Mixed martial arts record
- Total: 23
- Wins: 13
- By knockout: 11
- By decision: 2
- Losses: 9
- By knockout: 5
- By submission: 2
- By decision: 2
- No contests: 1

Mixed martial arts exhibition record
- Total: 2
- Wins: 1
- By decision: 1
- Losses: 1
- By submission: 1

Other information
- University: Purdue University
- Website: mattmitrione.com
- Mixed martial arts record from Sherdog
- Football career

No. 91, 98
- Position: Defensive tackle

Personal information
- Listed height: 6 ft 2 in (1.88 m)
- Listed weight: 295 lb (134 kg)

Career information
- High school: Springfield (IL) Sacred Heart-Griffin
- College: Purdue
- NFL draft: 2002: undrafted

Career history
- New York Giants (2002); San Francisco 49ers (2004)*; Frankfurt Galaxy (2005); Amsterdam Admirals (2005); Minnesota Vikings (2005);
- * Offseason or practice squad member only

Awards and highlights
- First-team All-Big Ten (2001); Second-team All-Big Ten (2000);

Career NFL statistics
- Total tackles: 4
- Solo tackles: 2
- Assisted tackles: 2
- Stats at Pro Football Reference

= Matt Mitrione =

American mixed martial artist and American football player

Matt Mitrione (born July 15, 1978) is an American retired mixed martial artist and former American football player, who competed for both the Ultimate Fighting Championship (UFC), and most recently for Bellator MMA. Prior to embarking on an MMA career, Mitrione played college football at Purdue University, and he turned pro and played in the National Football League (NFL) with the New York Giants and the Minnesota Vikings.
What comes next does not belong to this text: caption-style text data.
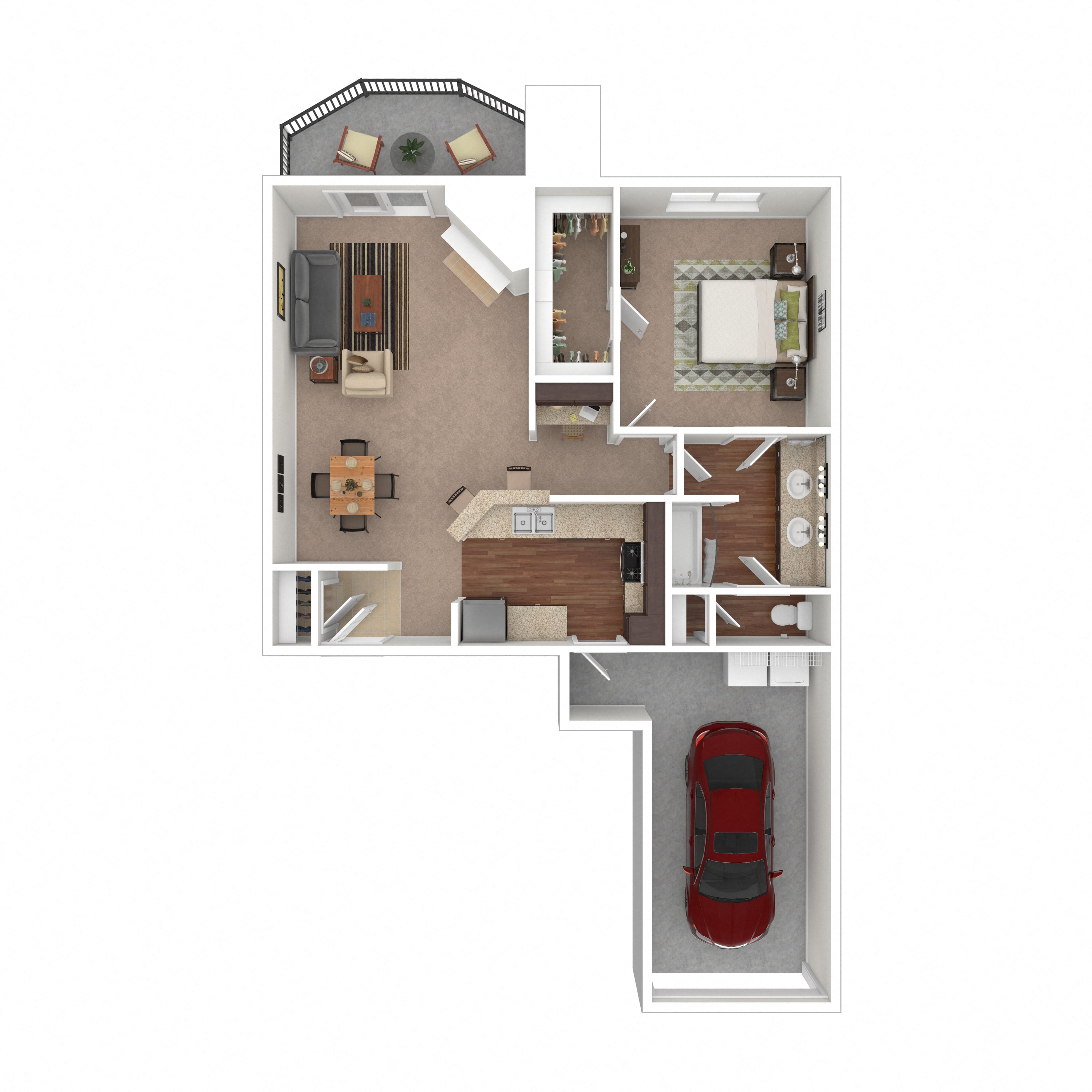 Floor plan layout diagram for 1C-R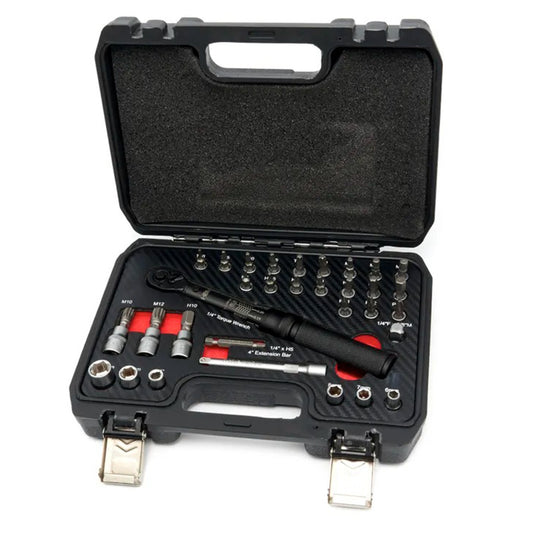 Комплект динамометричен ключ 1/4" прецизен 2-20NM 32 части HBM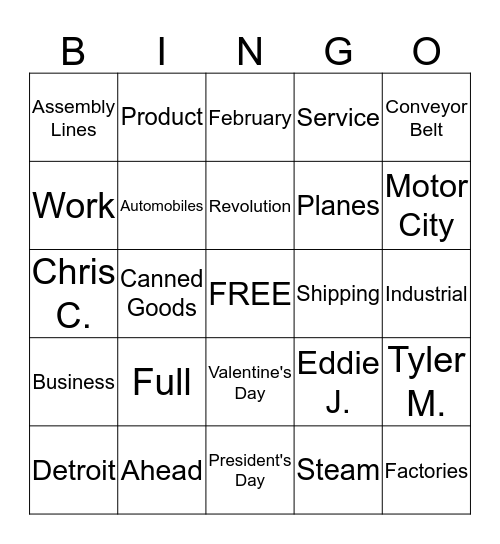 February 2015 Bingo Card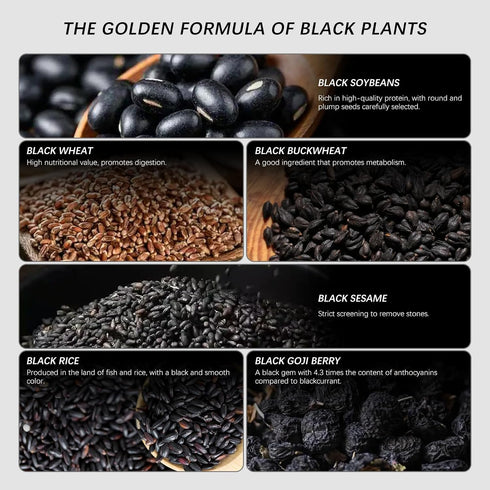 BAYUEDEGUA 200g/7.05oz 10 -Black soybean milk powder Black soybeans+Black quinoa+Black sesame+Black rice+Black fruit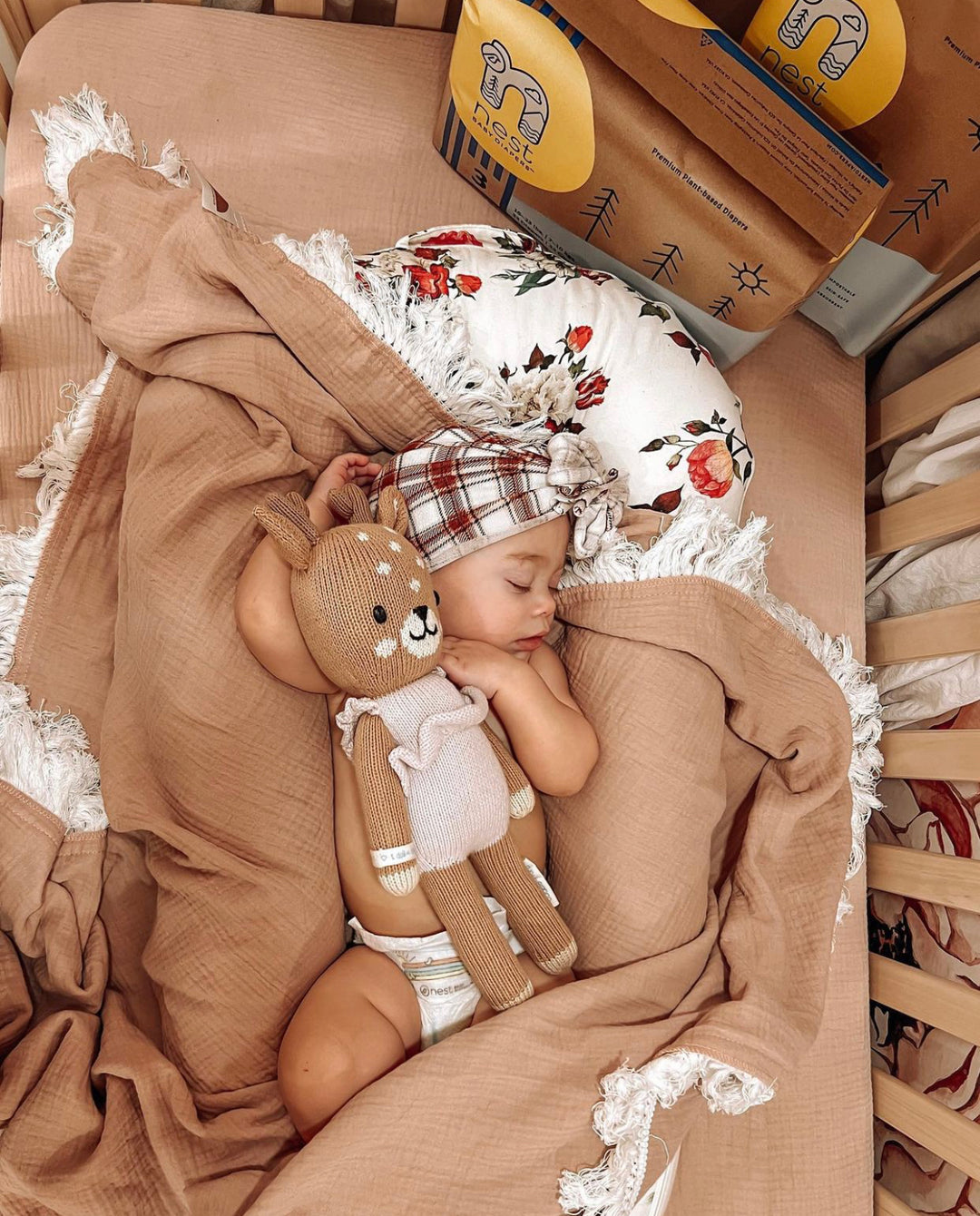 November | Mocha Plaid | Cozy Sweater Headwrap - Bunny Knots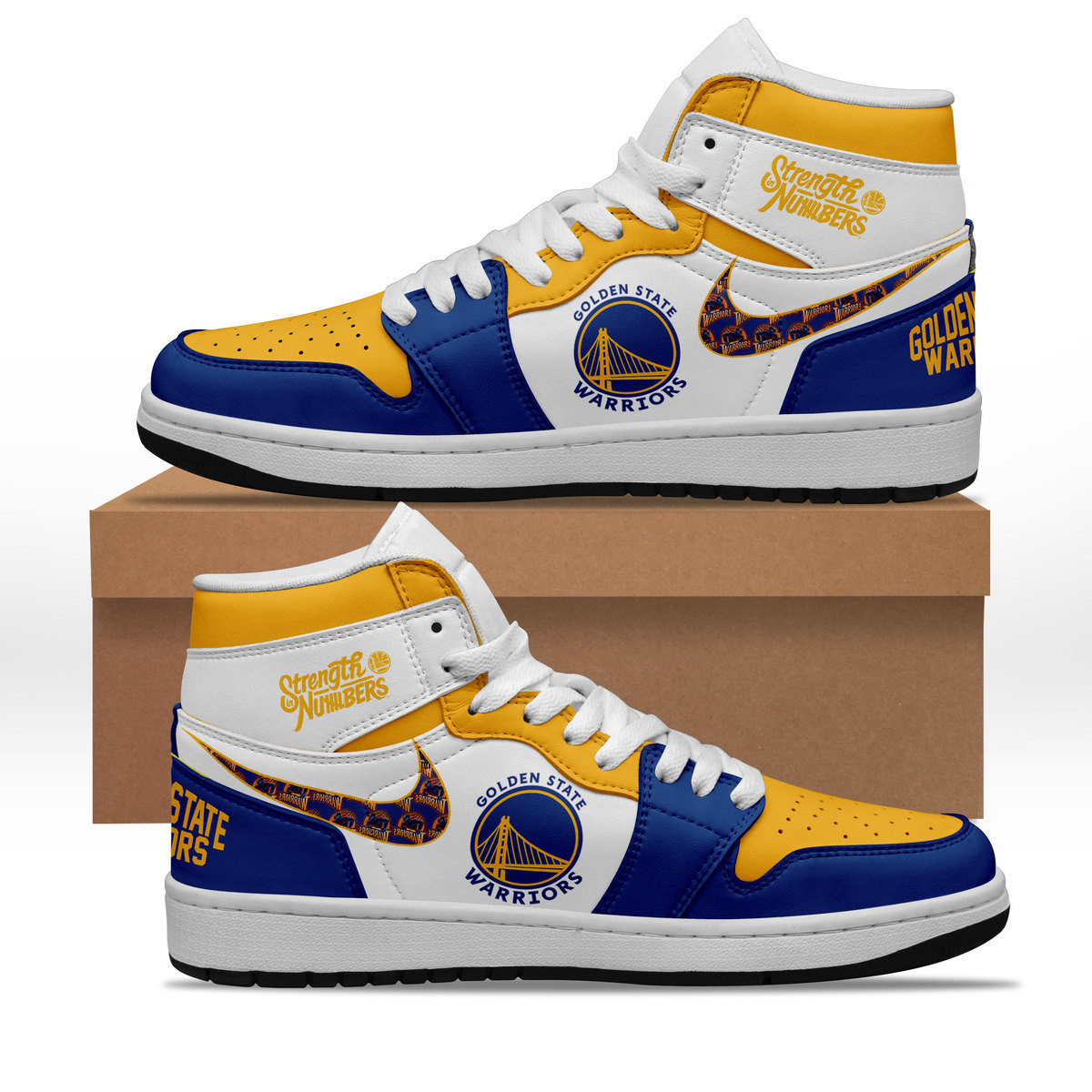 JWFancy Golden State Warriors AJ1 High Sneakers Shoes For Men And Women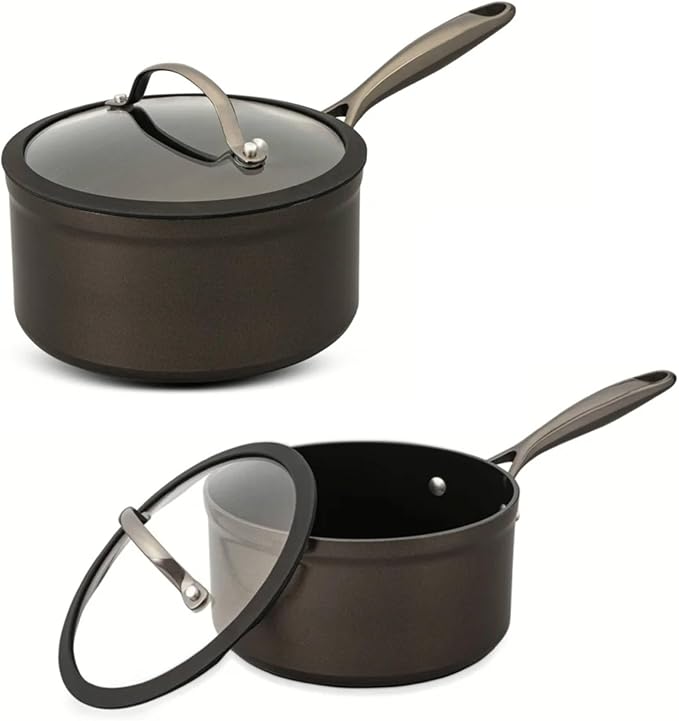 12-Piece Non-Stick Aluminum Cookware Set with Induction Base Oven Safe Black Finish (Black &amp Gunmetal)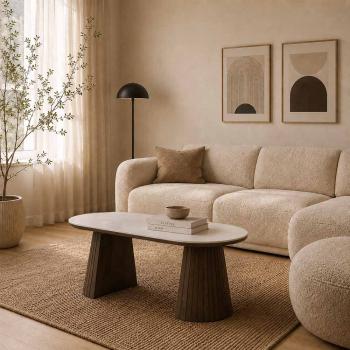 ovale salontafel walnoot keramiek wit 120 cm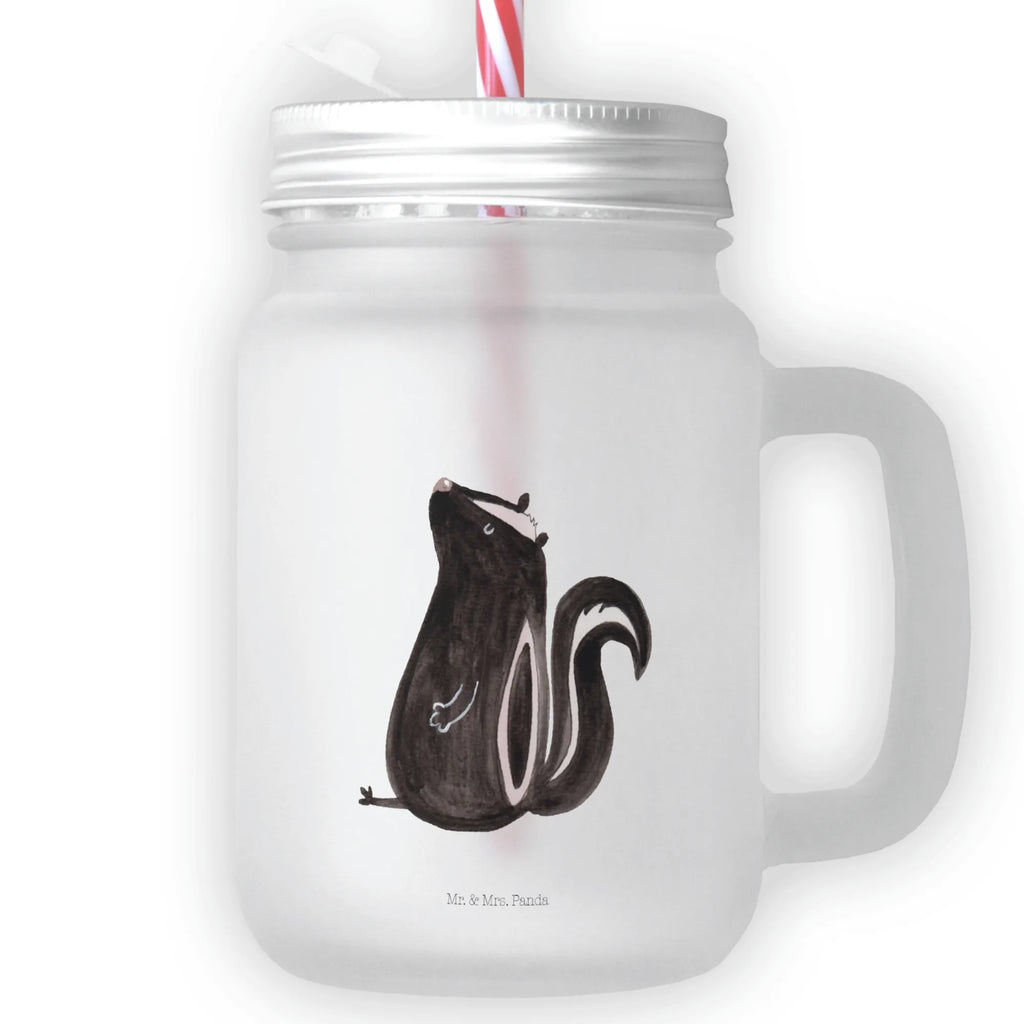 Mason jar drinking glass skunk Sit handle glass, glass, cocktail glass, summer glass, drinking glass, Mason Jar, preserving glass, Skunk, skunk, law, slogan, know-it-all, predator, wild animal, stinker, stinky, office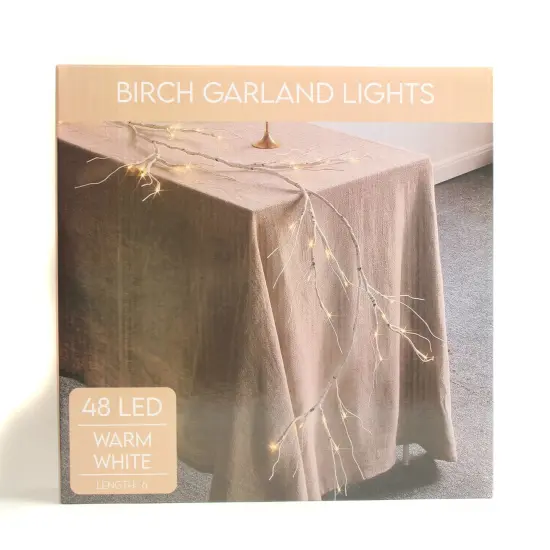 Perfect Holiday 48 LED Birch Garland Lights, 6FT WARM WHITE {6}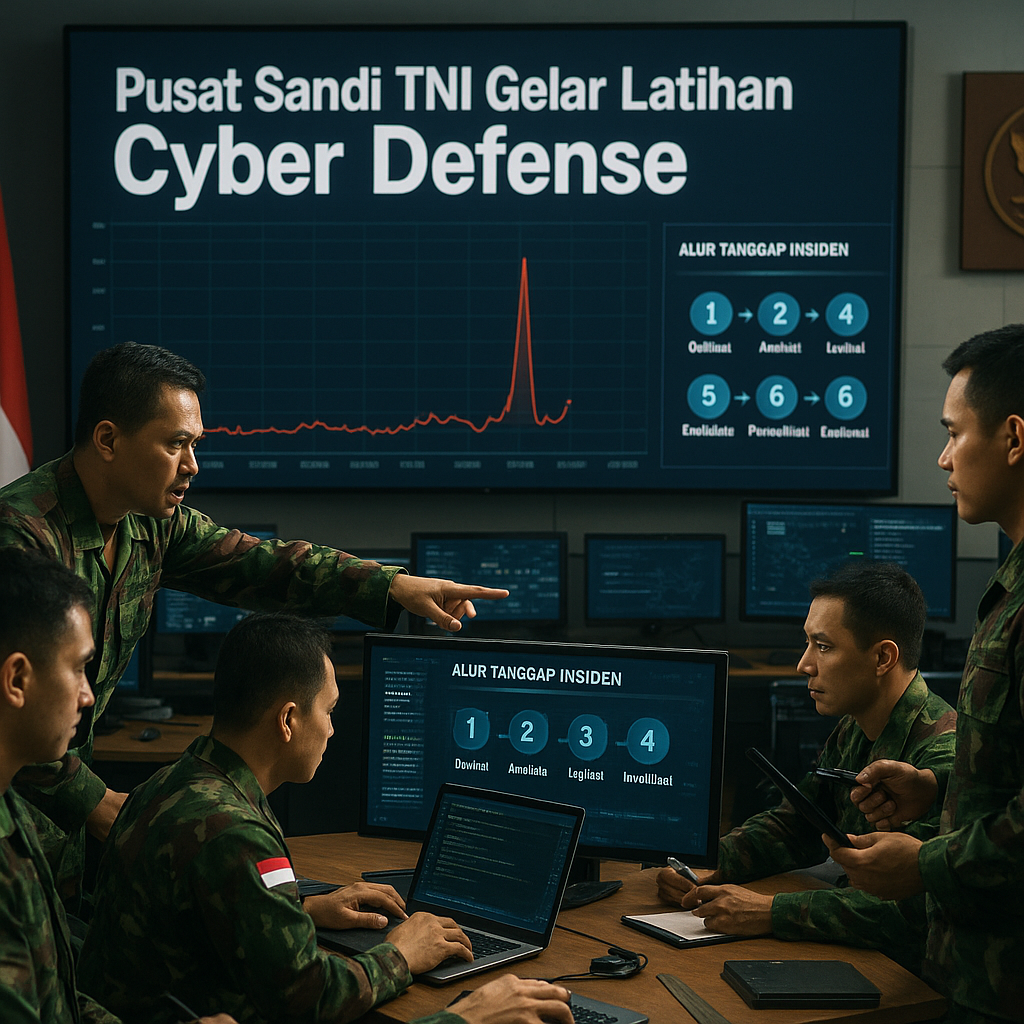 Pusat Sandi TNI Gelar Latihan Cyber Defense: Prosedur Tanggap Insiden dan Mitigasi Serangan DDoS terhadap Sistem Komando
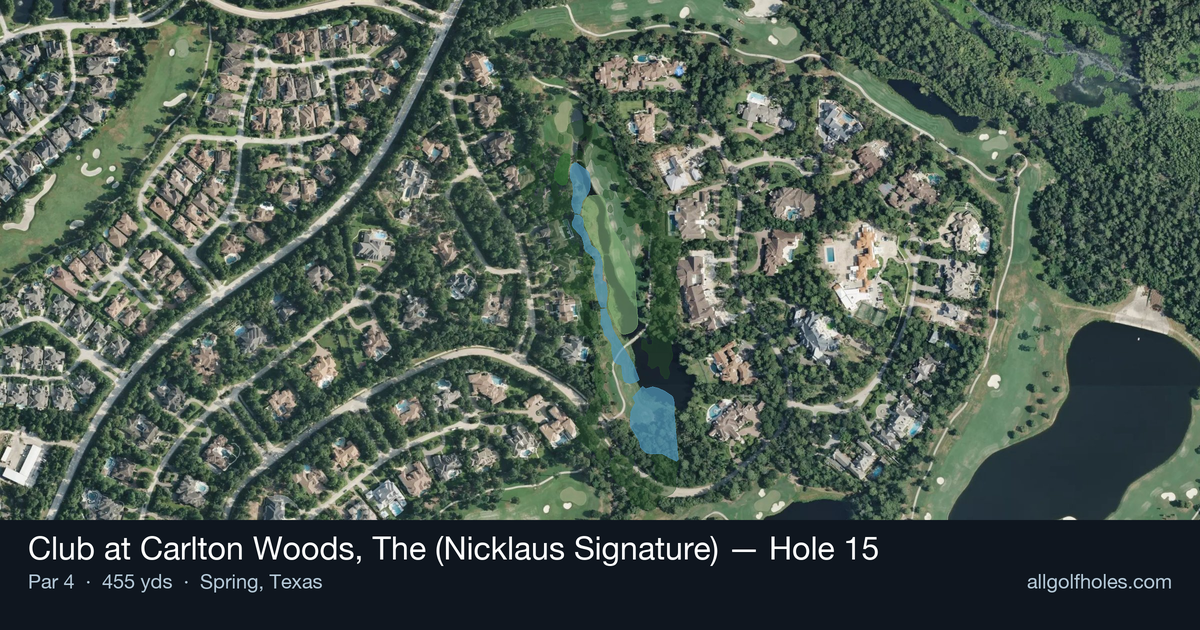 Hole 15 aerial at Club at Carlton Woods, The (Nicklaus Signature)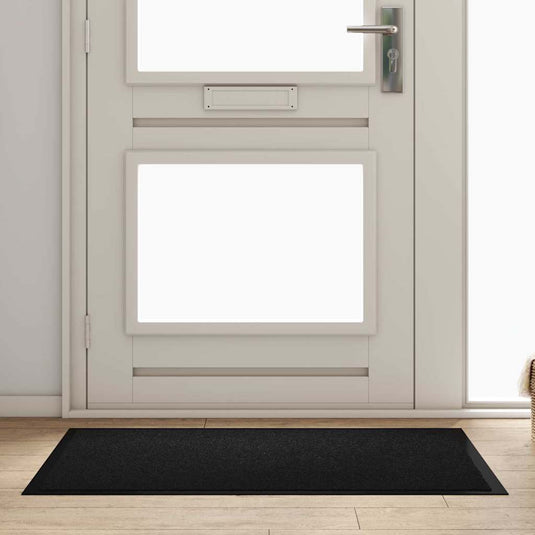 Vidaxl deurmat zwart 60 x 40 x 1.2 cm teddy stof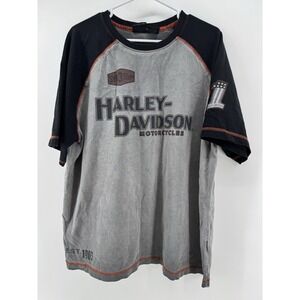Harley Davidson Shirt Men's XL Gray Black SYN 3 Motorcycles Biker Hog RARE VG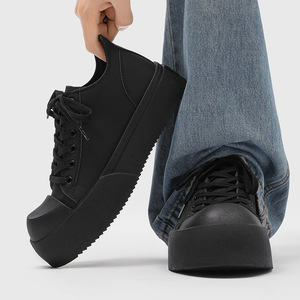 Zapatillas Deportivas Negras con Plataforma, con Cordones, de Caña Baja, Color Sólido, para Uso Diario Informal - Product Image 3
He was a featured fighter on The Ultimate Fighter: Heavyweights. A former Heavyweight contender, he has several wins over notable MMA fighters, including Kimbo Slice, Derrick Lewis, Roy Nelson, Phil De Fries, and Fedor Emelianenko.

==Early life==
Mitrione was born in Bloomington, Illinois and raised in Springfield, where he attended Sacred Heart-Griffin High School for all four years, where he competed in football, swimming and diving, and track and field. He graduated from Springfield Southeast High School. In football, he received Honorable Mention USA Today All-American & All-State honors in his senior year playing defensive line. He also trained in Shotokan Karate as a child to help deal with his hyperactivity. Mitrione competed in Toughman Contests while he was still in high school, and finished second in his initial Toughman Contest in his hometown of Springfield.

== Football ==
He attended Purdue University on a football scholarship and started 35 consecutive games for the Boilermakers at defensive tackle, but broke his right foot during winter conditioning practice in his senior year. Mitrione went undrafted during the 2002 NFL draft, but was offered a contract by the New York Giants.

After again injuring his foot in a 2003 playoff loss to the San Francisco 49ers, Mitrione had seven surgeries to his foot including one that extended his Achilles tendon, and was in crutches for 16 months. Mitrione was released by the Giants in 2004 and then had brief stints with the San Francisco 49ers and Minnesota Vikings, before being released by the Vikings six weeks into the 2005 season and a week before his first child was born.

==Mixed martial arts career==
Mitrione soon turned to mixed martial arts after Jayson Werth, a professional baseball player for the Washington Nationals, and close friend of Mitrione, invited Mitrione to fight in his inaugural promotion. Mitrione then relocated with his family to Indianapolis, Indiana, where he began training with fighters Chris Lytle and Jake O'Brien.

===The Ultimate Fighter===
Mitrione appeared on the tenth season of The Ultimate Fighter. Later in an interview, Mitrione revealed that he joined the show only to promote his sports nutrition company. On the show, he was given the unofficial nickname "Meathead" by coach Rashad Evans. After being picked second to last by Evans, Mitrione fought and defeated Scott Junk via majority decision (19–19, 20–18, and 20–18), moving him on to the quarter-finals.

Following Mitrione's fight with Junk, Mitrione complained about migraines and dizziness, causing many of the cast members to feel that Mitrione may bow out of the competition to give Kimbo Slice a second opportunity. Mitrione did fight and was eliminated by teammate James McSweeney in the quarterfinals, losing via guillotine choke.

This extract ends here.